Le Hastings Center est un institut de recherche en bioéthique, indépendant, non partisan, à but non lucratif, basé à New York dont l'objectif est de tenter de répondre aux questions éthiques fondamentales pour les individus, les communautés et les sociétés, dans les domaines de la santé, de la médecine et de l'environnement. Les auteurs de ce rapport sont des universitaires du Département de bioéthique des National Institutes of Health (NIH).
La plupart des questions éthiques soulevées par le séquençage complet du génome l'ont toujours été dans un esprit d'imagination futuriste, mais aujourd'hui, soulignent les auteurs, les techniques génomiques évoluent si rapidement que le séquençage complet du génome pourrait trouver son application en pratique clinique bien plus vite que prévu. Son coût également devient plus abordable, en deçà de 1000 $. Sa particularité par rapport aux tests prénatals actuels tient dans le nombre considérable de données et d'informations, interprétables ou pas, éthiquement pertinentes ou non. En particulier, en routine clinique, ce séquençage anténatal complet, au-delà de détecter chez le fœtus un risque élevé pour une liste de graves maladies génétiques déjà prédéterminée, pourrait apporter aux parents tout un spectre de caractéristiques génétiques, incluant des susceptibilités à des maladies jugées bénignes ou curables.
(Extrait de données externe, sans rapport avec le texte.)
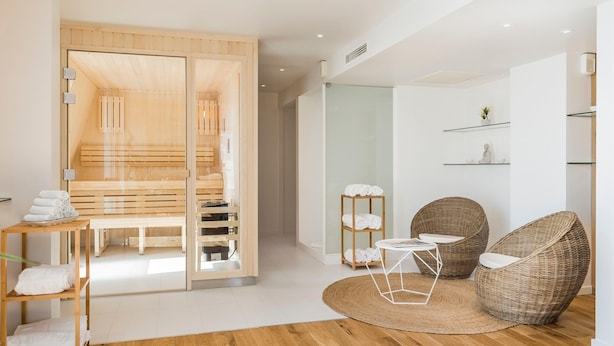 Une chambre moderne avec un banc en bois, des chaises en osier, une petite table et des étagères contenant des serviettes.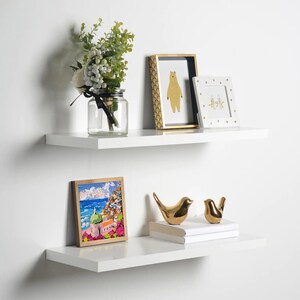 May include: Two white floating shelves with decorative items. The top shelf has a vase with white flowers, a gold framed picture of a bear, and a gold framed picture with two birds. The bottom shelf has a gold framed picture of a cityscape, two gold bird figurines, and a stack of books.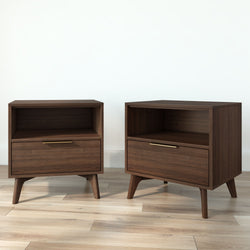 Pair of mid-century modern walnut nightstands with open shelf and single drawer, brass handles and tapered legs on light hardwood floor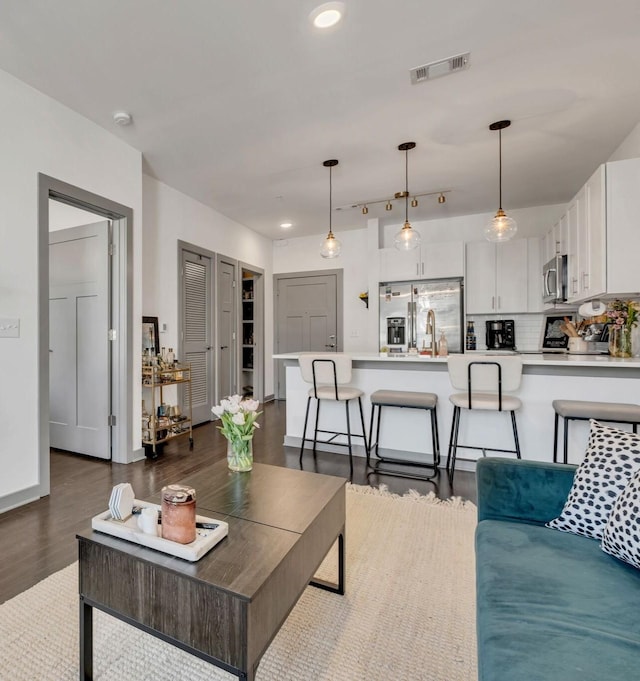 1638 54th Ave N Unit 210, Nashville, TN 37209 - living room featuring recessed lighting, visible vents, and dark wood finished floors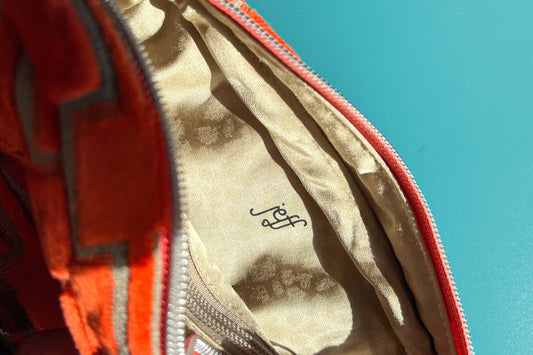 Detailansicht einer geöffneten Bauchtasche aus upcycled Möbelstoff von Jeff EveryPieceAFriend. Die Tasche ist orange gemustert, hat ein schwarzes Gurtband und einen silbernen Reißverschluss. Das Innenfach der Tasche ist beige.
Ce trop large éventail d'informations pourrait conduire à des excès, d'avortements par exemple.
Une utilité qualifiée de « douteuse » : Au-delà de l'amplitude des données, leur interprétation, encore largement incertaine pour la grande majorité d'entre elles. Les auteurs soulignent ainsi que la fonction de plus de 90% des gènes du génome humain reste inconnue ou incomprise et que « la plupart des données générées à partir de ce séquençage complet du génome serait d'une utilité douteuse ». Les auteurs ont analysé la nature des informations que les tests prénataux de séquençage du génome entier pourraient apporter et concluent que la plupart d'entre elles ne serait sans doute pas aussi utile que les données des tests prénatals existants.
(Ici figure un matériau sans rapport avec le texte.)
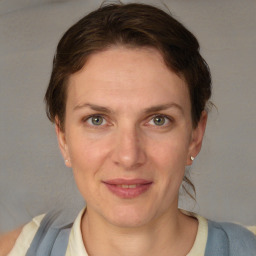 Joyful white adult female with short  brown hair and grey eyes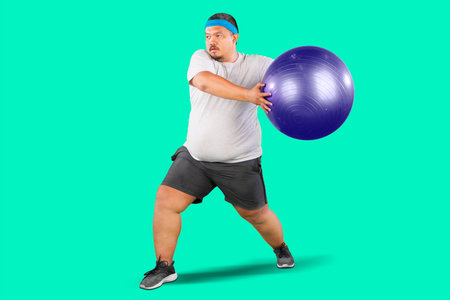Overweight Man doing fitness exercise on pilates ball isolated on green backgroundの写真素材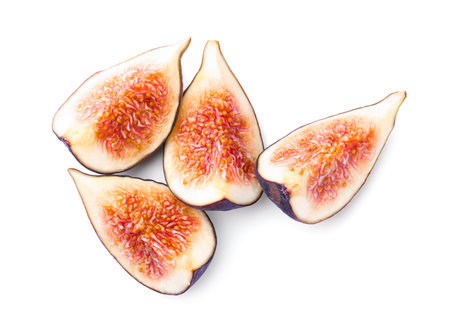 Pieces of ripe fig isolated on white, top view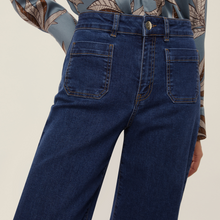 Load image into Gallery viewer, Blue jeans worn by a person on a beige background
Quelques conséquences fâcheuses sont évoquées, comme l'anxiété des parents avec l'attente, l'incompréhension de certaines données, le doute…. Ou encore, l'image prénatale du bébé, déformée par la technologie. L'évolution des concepts de normalité et de handicap, avec, à la clé, le risque d'augmentation des interruptions de grossesse. La prévision d'un niveau de Q.I. de l'enfant à naître et les conséquences de ces prévisions sur son mode d'éducation. Enfin, les auteurs soulignent ce fameux accès à l'information des parents et des enfants dont les intérêts ne sont pas forcément concordants. Des informations qui pourraient aller jusqu'à limiter l'autonomie et l'épanouissement des enfants jusqu'à l'âge adulte, disent les auteurs, mais qui sait, tout au long de la vie peut-être.
Beaucoup de réserves donc, et 4 recommandations de ces experts :
· La nécessité de recommandations très claires et précises de la communauté médicale (ou en France de l'Agence de Bioéthique) sur les types d'informations à proposer aux parents,
· Le respect du droit de l'enfant de ne pas voir son profil génétique « trahi », sauf utilité réelle pour les parents ou les résultats de santé de l'enfant.
· Davantage d'études et de données pour guider la réflexion des sociétés savantes, des experts et du public,
· Une participation active des professionnels du séquençage génomique à l'éducation des cliniciens sur la façon dont le séquençage complet du génome diffère des tests génétiques prénatals traditionnels, et à l'éducation des parents sur les arbitrages à faire avant de s'y engager.